18 August 2011

There will be more riots.

The riots in London have "shocked" and "dismayed" all honest citizens, and most of all, the British government. The real surprise however is not that the riots took place, but that they are seen as something that is incomprehensible and incompatible with our way of life. Riots are a recurring feature of our societies and they break out regularly in many rich and less rich countries. Just look up "Urban riots" on Wikipedia and you'll get the point.

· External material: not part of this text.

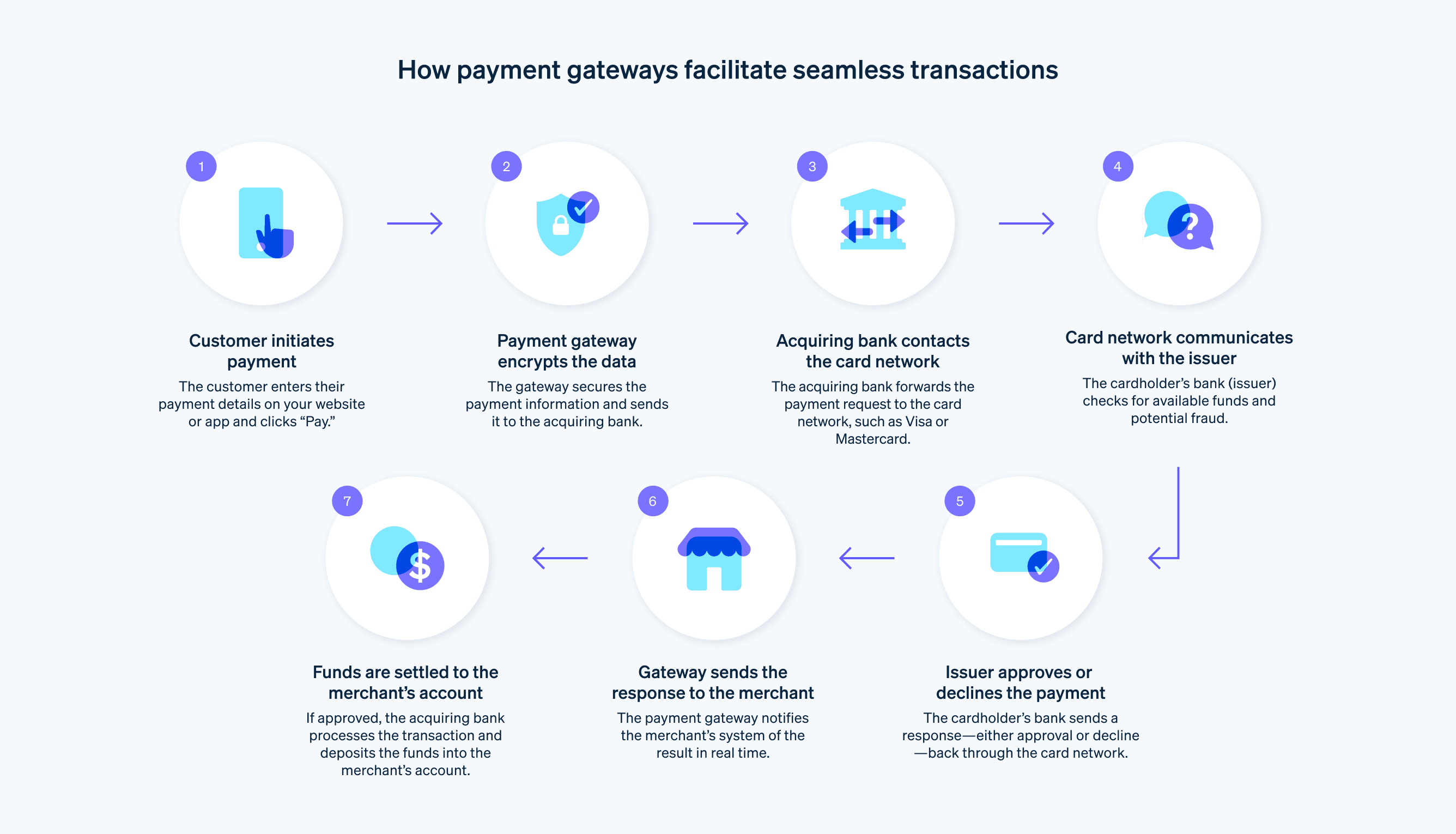 How payment gateways facilitate seamless transactions - Guide to create your own payment gateway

Riots start with an event - often the shooting of a local inhabitant by the police. This usually sparks off an explosion of pent-up frustration and anger by those who are or who feel marginalised by society.  The police is usually taken by surprise and things quickly get out of hand. What follows is less spontaneous than it seems; typical ringleaders are coloured men in their late 20s with a record of violence and arrest and scores to settle with the police. This was also the case in Tottenham. What they're after is to get their own back by having a go at anything. It's a territorial thing: to get back some "respect" for their turf.

Arson and looting on a more or less large scale then follows. It is possibly the most vocal and logical expression of the rejection of the West's new religion of "shopping". The growing number of people in the West who are unlikely to ever be able to buy the consumer products that are rammed down their throats in media every day may well acquire a taste for rioting. The process is helped along by a second category of ringleaders, self-styled "activists", mostly white young men with a reasonable level of education, the sort of people we used to call anarchists or nihilists, but only because we didn't know what else to call them. 

There is nothing new about any of this, nor about the ineffectual and vengeful way in which most governments react. Once they have collected their wits and get a grip (or the riots simply die down) they begin the "clean up". President Sarkozy promised to root out "the scum" with a high-pressure hose, after the last round of violence in the french "cités". In England, two bewildered facebookers who tried - and failed - to start their own riot were given four-year prison sentences. What this reveals more than anything else is governments' fear that they might not be able to contain this. That fear seems quite justified, as European countries are cutting back massively on spending on education and social services - and law and order - while a recession looms.